# Some numbers



## niko (Jan 28, 2004)

The other day I was talking with the owner of a Dallas fish store and he told me that last month they sold saltwater animals/goods for $18,000 and only $1,500 in freshwater.

That was somewhat of an eye opening experience to me because APC seems to make me feel like the planted tank hobby is growing with tremendous speed.

I guess plants and planted tank goods where a tiny portion of those $1,500. Such sales may be particular for that store only, or due to the season, or whatever.

I have hopes that the ADA products will bring something refreshing to this hobby in the US. But as always it's up to us to make things fun, enjoyable, and attract more interest to planted tanks.

--Nikolay


----------



## pineapple (May 4, 2004)

That marketing figure is probably very true - but also very true of only the USA market for aquarium-related goods. In Europe, it might well be different. Most likely, a good percentage of US-freshwater-planted tank itrms are sold via the internet.

Andrew Cribb


----------



## david lim (Mar 30, 2004)

After working for a fish store, you have to consider how much more saltwater fish and equipment cost as compared to freshwater. At my store the cheapest SW fish one could purchase were damsels starting at $7.99 as opposed to $1 guppies. Also a nice large E. 'kleiner bar' would sell for $22 whereas a nice sized ritteri anemone would cost ~$100.

Another thing to consider is the difficulty in keeping saltwater tanks. For instance someone would purchase that $100 ritteri, which we would tell them is very difficult to maintain, and it would stop eating and waste away within 2 weeks in their tank.

Overall I found more people beginning in the freshwater hobby and then later moving on to saltwater.
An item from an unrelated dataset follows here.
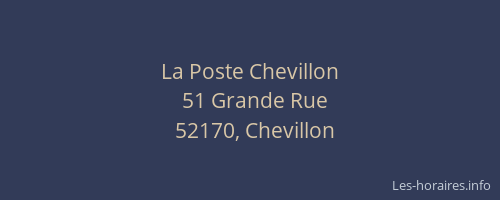 La Poste Chevillon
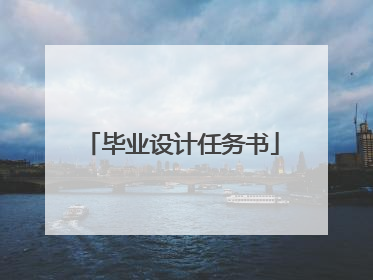 毕业设计任务书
However, the $1500 shown for freshwater sales is low for an individual store. Where I worked we were easily making over $2k a week in freshwater sales. It definately did not represent the amount of inventory leaving the store, which we would replenish weekly (including plants) and at times the weekly shipment would not last us throughout the week.

Unless it would be wrong to do so, which store gave you those numbers? It might be even more skewed especially if its a saltwater oriented store.

David



niko said:


> The other day I was talking with the owner of a Dallas fish store and he told me that last month they sold saltwater animals/goods for $18,000 and only $1,500 in freshwater.
> 
> That was somewhat of an eye opening experience to me because APC seems to make me feel like the planted tank hobby is growing with tremendous speed.
> 
> ...


----------